By: Abigail Moore
Andrae Goodnight made a point to not only play the role, but completely be the role, as he stepped into Augustus Tolton’s shoes in an all new multimedia production at Pepsi Arena, Sunday, Nov. 12.
An actor from Hesperia, Calif. , Goodnight knew that his role as Augustus Tolton in the production Tolton, From Slave to Priest would make an impact on the Quincy community, though he did not know the impact it would make on him individually.
“It’s transformative. The more I learned about his story the more it challenges me personally to not value things you can see, but value things you can’t, because they tend to be the most important things. It also challenges me to continue to look outside of myself,” Goodnight said.
Prior to the production, Goodnight met with Father Zehnle of Quincy, who introduced him to several historical locations associated with Tolton around the area. Zehnle took Goodnight to Brush Creek, Mo., where Tolton was born, the church where he was baptized, St.Joseph, St.Francis College, St.Boniface, St.Peter, The Railroad Station where Tolton left town, the location of the river where Martha Tolton crossed, and St. Mary. Many of the locations they visited had plaques in memory of Father Tolton. Goodnight referenced how the trip around the city made his experience that much more valuable to the show.
“I had to imagine all of this prior to ( the production) so now being able to see it myself, it just gives a whole new dimension and meaning to the show,” Goodnight said.
Goodnight referenced his admiration for Tolton’s courage to persevere through difficult circumstances. Tolton’s patience, faith, and love through every obstacle he faced was a direct reflection of who he was and who Goodnight was aiming to portray through the production. The performance focused on Tolton’s life and the hardships he faced as an African American man seeking priesthood. Directors, Leonardo and Patti Defilippi, sought to enhance the truly American nature of Tolton’s story.

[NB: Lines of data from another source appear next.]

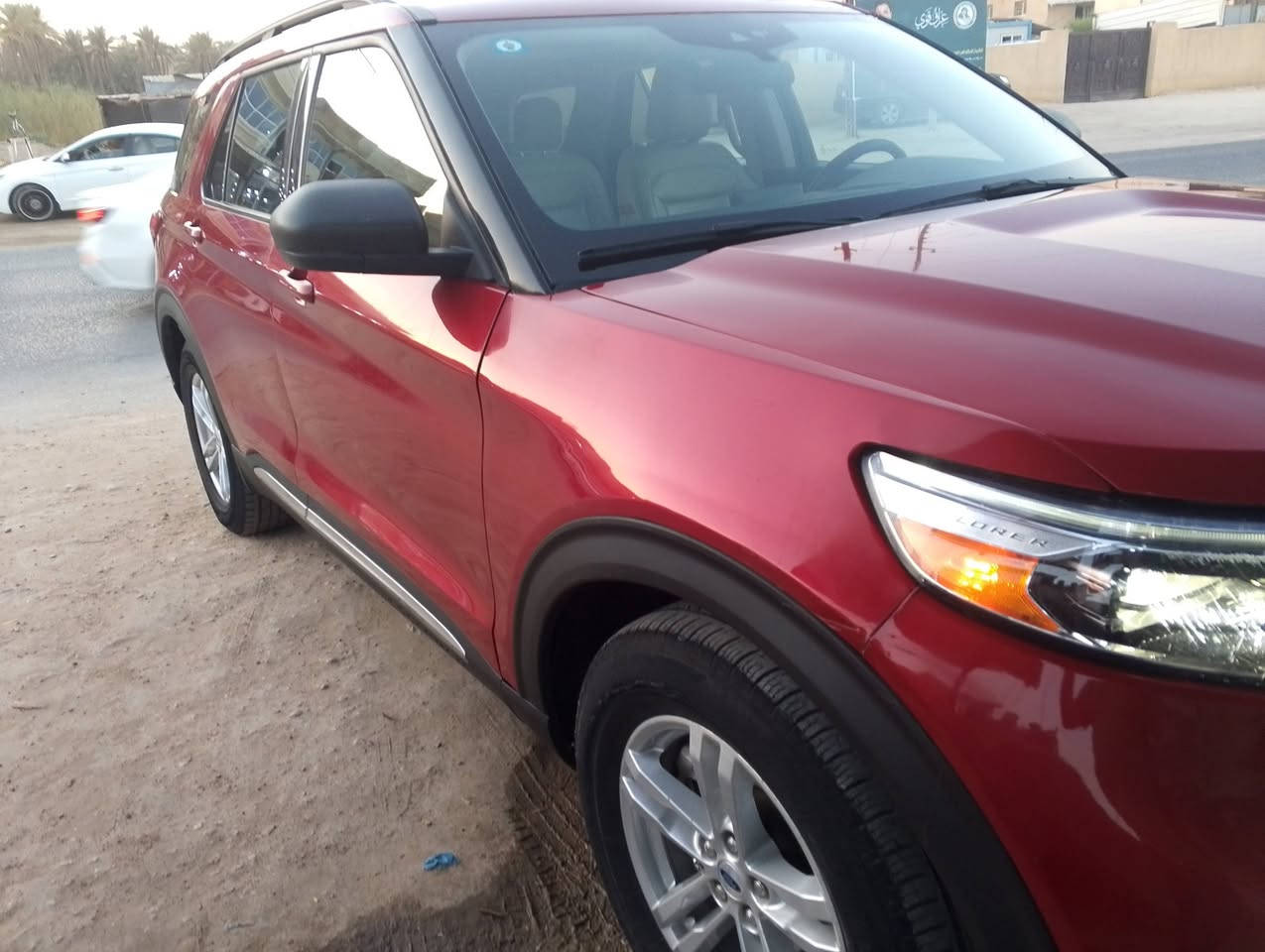 اكسبلور 22 تو ويل 4 سلندر ماشيه 43 رقم بغداد باسمي بجم كبس تبديل قطعتين جاملغ و باب و بيها بارد على كد 4 اصابع بالكصه مال القمارة اثر تحميل . مواصفات xlt .
***********
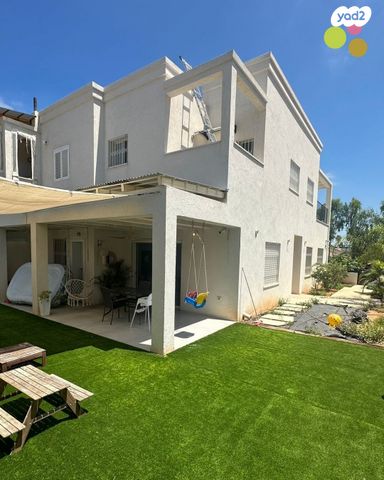 דו משפחתי, בנימינה גבעת עדה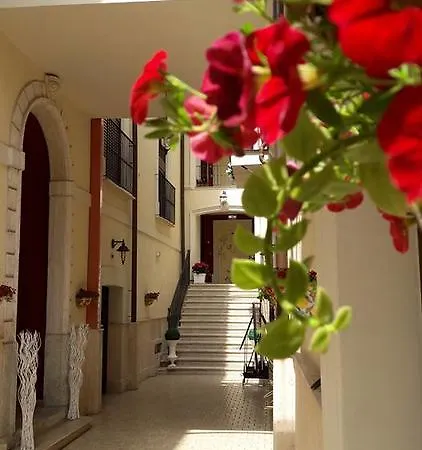 アパートホテル Palazzo Reginella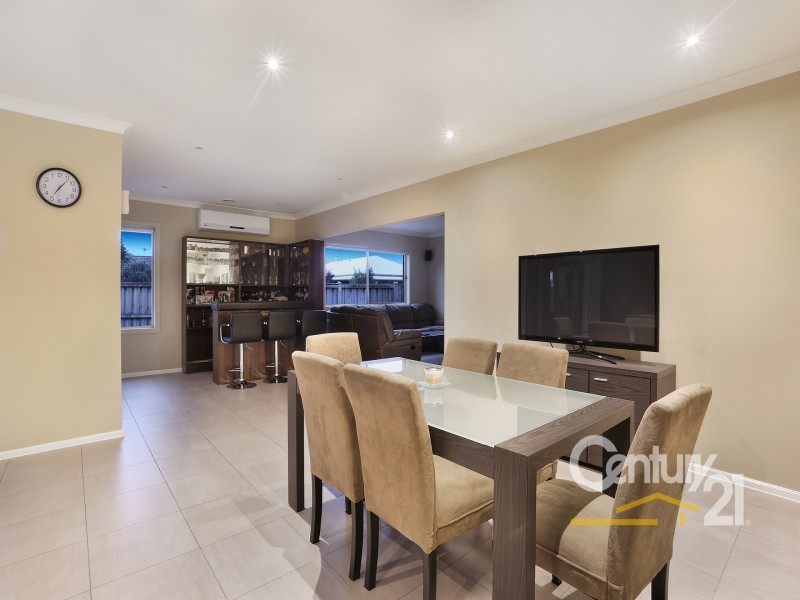 17 Don Collins Way, Berwick VIC 3806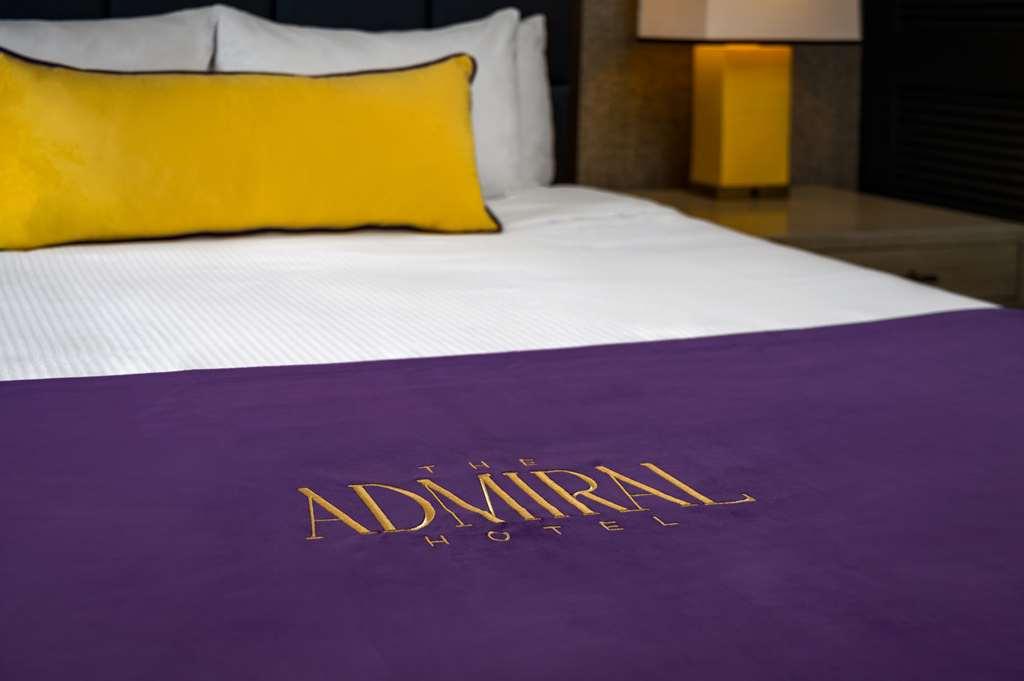 The Admiral Hotel Mobile Bilik gambar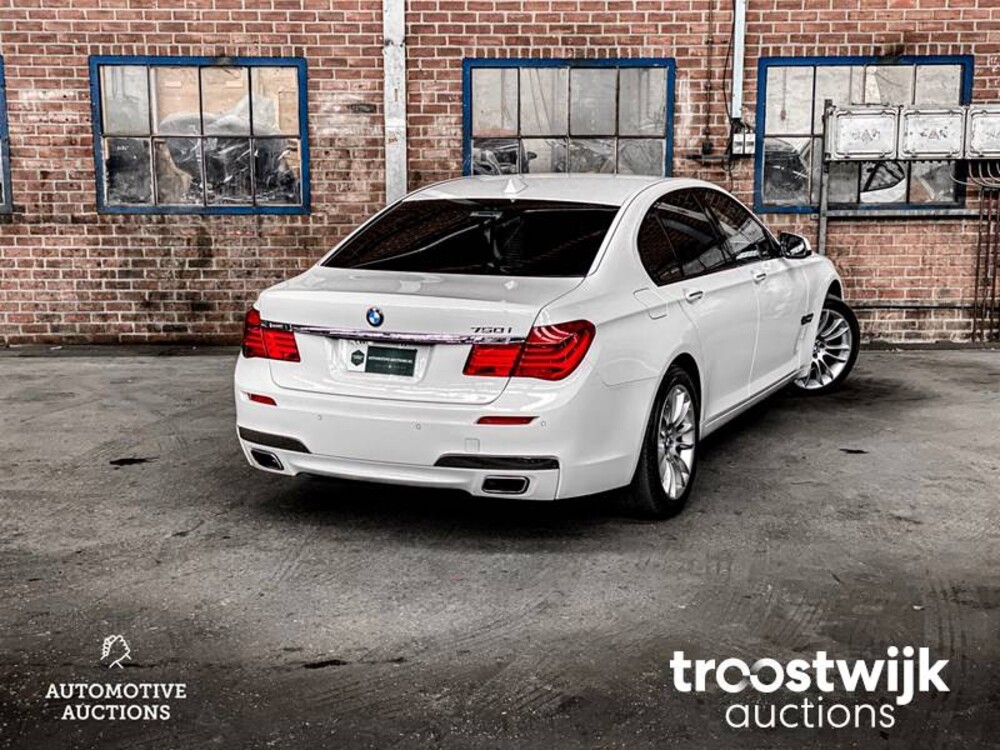 BMW 750i M-Sport E65 4.8 407hp 2009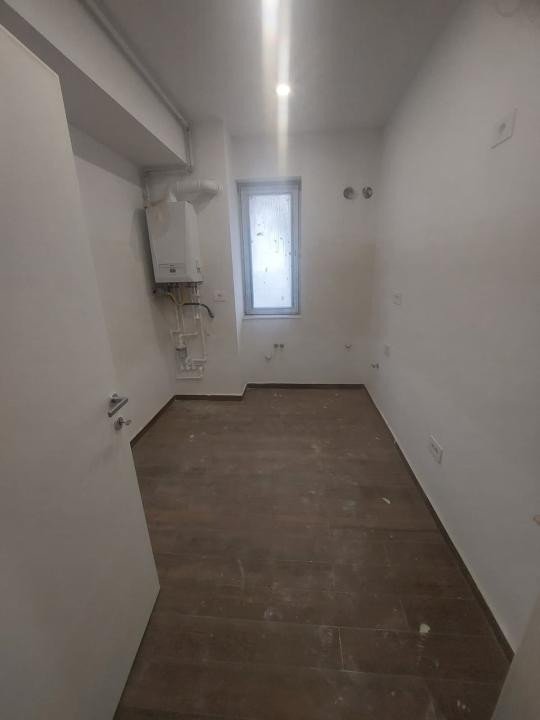 Spațiu cu  intrare stradală , 87 mp., terasa proprie, loc de parcare.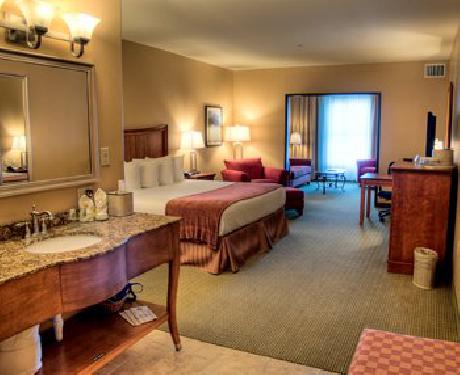 BEST WESTERN PLUS Swiss Chalet Hotel & Suites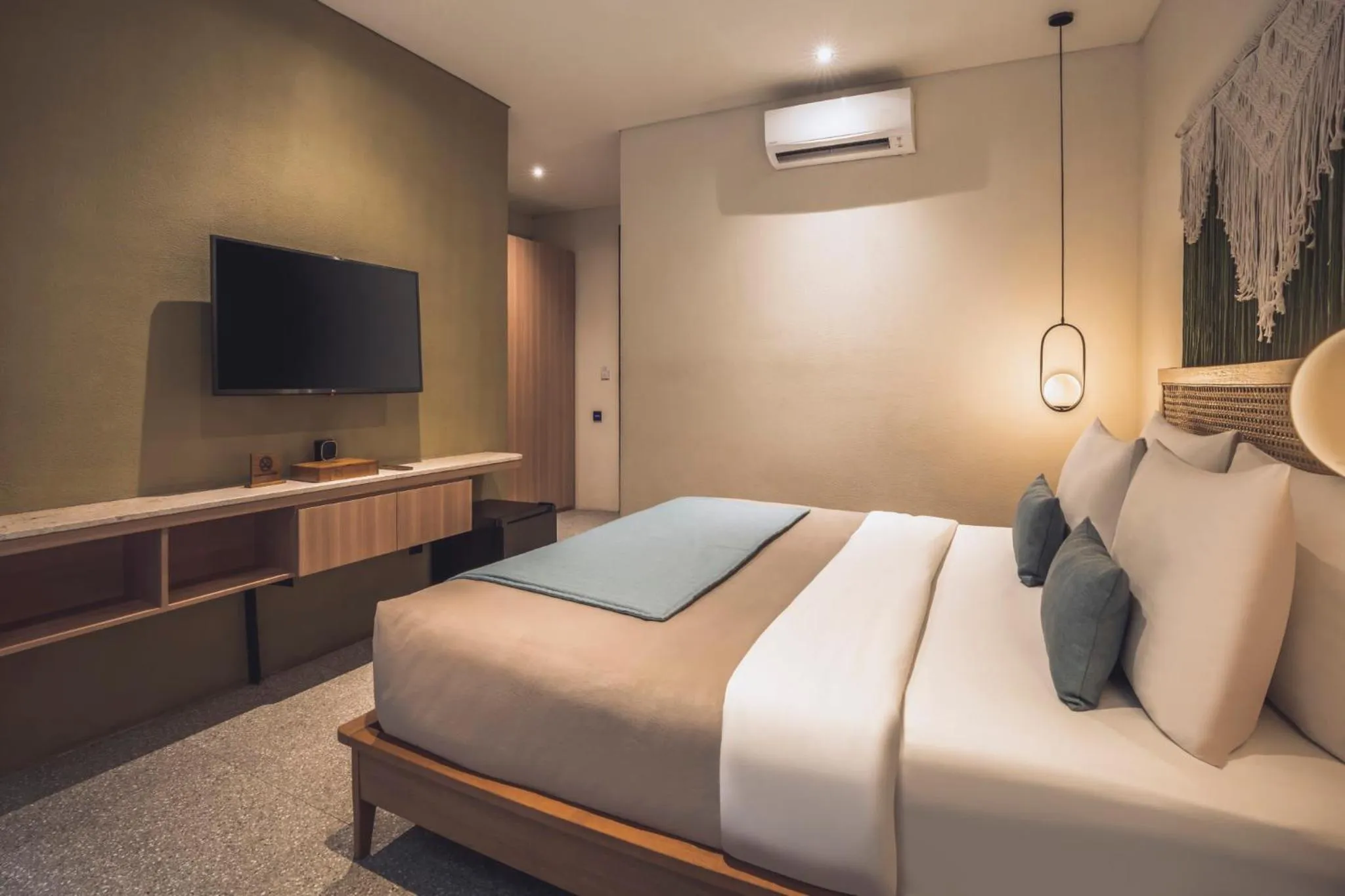 Bedroom, Bed in Canggu Cabana Beach Resort by Ini Vie Hospitality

The story not only impacted Goodnight himself, but it attracted a large crowd to Pepsi Arena. It also grabbed the interest of a group of sisters from St. Anselm Convent, Rock Island, Ill. The group of sisters attended because they wanted to understand the story of Augustus Tolton and his hardships in a deeper way. The sisters also knew Father Zenhle, who made the trip possible for them. The sisters agreed the production itself was emotionally moving and truly inspiring.
“The first word is, convicting and beautifully overwhelming because I believe that Augustus Tolton is, I may be vulnerable saying this, just thinking about how we live the gospel today, the Lord I think is calling us to live the gospel in a way we haven’t seen before. But, it’s going to be lived uniquely and he showed us that he lived it uniquely and so don’t be afraid to do things that you never imagined him asking you to do,” Sister M. Bernadette said.
Another sister agreed that the production impacted her in a personal way. Sister M. Clemengia felt she related to Tolton’s difficulties and was amazed by his strength to continue to do God’s will for him.
“His humility in the face of persecution really inspired me. When I feel rejected and abandoned, I know that living a humble life draws us closer to God. His humility is very inspiring to me,” Sister M. Clemengia said.
Goodnight concluded the performance by thanking the crowd for showing love and support for Tolton. Father Zenhle presented Goodnight with a few tokens of appreciation ending the performance; two pictures in frames. One picture of Father Tolton himself and the other, a picture of a location they visited prior to the performance. In his conclusion, he mentioned travelling to Quincy was essentially a ‘homecoming’ for him, as he was able to experience his role in a whole new way.
“It’s been a personal blessing to me to be able to portray this dear man and know that he loved this city, he loved it very much, and so I feel that love when I come,” Goodnight said.
Goodnight has previously been involved in theatre, youth ministry, public service, radio and film. He is a convert to the Catholic faith with his wife, Cheryl and six children. He was chosen for the role by chance, after researching the role and filling out an application online. Goodnight believed he was meant to play this part, not only for himself, but so other people can experience Tolton’s story. Productions are expected to continue. Goodnight’s performance of Tolton, From Slave To Priest is a traveling production.